Start of Data for processing

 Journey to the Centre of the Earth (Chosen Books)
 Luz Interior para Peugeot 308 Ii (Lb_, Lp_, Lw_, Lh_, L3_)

End of Data for processing
Start of Data for processing

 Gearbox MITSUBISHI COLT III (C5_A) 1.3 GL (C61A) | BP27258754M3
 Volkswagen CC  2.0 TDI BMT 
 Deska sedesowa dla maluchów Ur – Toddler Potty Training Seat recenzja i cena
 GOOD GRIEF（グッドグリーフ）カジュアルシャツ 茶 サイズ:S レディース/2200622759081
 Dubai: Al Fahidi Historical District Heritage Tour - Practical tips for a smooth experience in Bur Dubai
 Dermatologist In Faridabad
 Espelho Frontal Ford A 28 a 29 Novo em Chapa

End of Data for processing

• What to produce: What do the lines above say from the one containing "Journey to the" down to the one containing "Luz Interior para"? Return them exactly, both end lines included, and only them.

• Exercise solution:
 Journey to the Centre of the Earth (Chosen Books)
 Luz Interior para Peugeot 308 Ii (Lb_, Lp_, Lw_, Lh_, L3_)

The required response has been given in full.